European Space Agency: Astronaut recruitment seeks disability applicants

The European Space Agency claims it intends to hire somebody with a handicap as component of its ask for brand-new astronauts.

Esa will certainly be approving applications in March to fill up four-to-six jobs in its astro corps however it desires this draft procedure to be as comprehensive as feasible.

The look for a prospective flier with added practical demands will certainly be run in alongside the primary phone call.

The company has actually asked the International Paralympic Committee to recommend it on option.

“To be absolutely clear, we’re not looking to hire a space tourist that happens also to have a disability,” claimed Dr David Parker, the supervisor of Esa’s robotics as well as human spaceflight program.

“To be very explicit, this individual would do a meaningful space mission. So, they would need to do the science; they would need to participate in all the normal operations of the International Space Station (ISS).

“This is not regarding tokenism,” he told BBC News. “We need to have the ability to warrant to all individuals that money us – which is everyone, consisting of individuals that take place to be handicapped – that what we’re doing is in some way purposeful to everyone.”

Individuals with a lower limb deficiency or who have restricted growth – circumstances that have always been a bar in the past – are encouraged to apply.

At this stage, the selected individual would be part of a feasibility project to understand the requirements, such as on safety and technical support. But the clear intention is to make ” parastronauts” a reality at some point in the future, even if this takes some time.

Esa is on a big diversity drive. On matters of gender, for example, it has lagged seriously behind.

Only one of its current crop of astronauts is female (Samantha Cristoforetti); likewise only one of its senior directors is a woman (Elodie Viau in telecoms). And in those leading positions on robotic space missions – the project scientist and project manager – the vast majority are still men.

Just 16% of applicants to the last Esa astronaut call in 2008 were female. The agency wants to see that increase dramatically this time around. Applications are being accepted from 31 March to 28 May.

To qualify, candidates must have a master’s degree (or higher) in Natural Sciences, Medicine, Engineering, Mathematics or Computer Sciences, or be qualified as an experimental test pilot.

“They require to be well-versed in English with a great expertise of a 2nd language. It does not matter what that 2nd language is, however it should be a 2nd language,” said Lucy van der Tas, Esa’s head of talent acquisition.

The ability to speak Russian – the other language used on the space station – will be part of the training programme.

The recruitment process should see at least four individuals go straight into the Esa astronaut corps, which is based in Cologne, Germany.

A further 20 candidates will additionally go into a reserve.

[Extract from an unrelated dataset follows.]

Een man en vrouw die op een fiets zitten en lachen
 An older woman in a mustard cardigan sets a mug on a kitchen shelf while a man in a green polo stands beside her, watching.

They will be contracted to make themselves available for call-up, either because of retirements among the existing astronauts or because individual Esa member states want to run a national mission to the ISS.

This is now possible because the American aerospace companies SpaceX and Boeing will be selling seats in their new crew capsules on a commercial basis.

If the member state purchased this opportunity, Esa would train up their national candidate in the reserve pool.

The successful candidate that has a disability will also go into a reserve. Esa will then work with its partners on the ISS to find the best way to fly a parastronaut.

“We did not advance to visit room so when it concerns room traveling, we are all handicapped,” said Samantha Cristoforetti. “What brings us from being handicapped to visit room to being able to visit room is simply innovation. This is an expediency research as well as we’re mosting likely to check out exactly what is required, just how much it will certainly set you back – however that’s the objective.”

The last astronaut selection process saw Frenchman Thomas Pesquet; Italians Samantha Cristoforetti and Luca Parmitano; Germany’s Alexander Gerst; Denmark’s Andreas Mogensen; and the UK’s Tim Peake join the corps in 2009. Germany’s Mathias Maurer – an ” additionally appropriate” – joined up in 2015.

Tim Peake’s selection raised some eyebrows at the time because the UK back then did not help fund Esa’s human spaceflight programme. But the agency stresses that applications are accepted from all its member states, irrespective of national funding decisions.

Of the new call, Tim Peake told BBC News: “We’re associated with the Artemis program, which will certainly send out human beings back to the surface area of the Moon, which’s a portal toMars So this [draft] might be hiring the very first Europeans that will certainly establish foot on Mars.”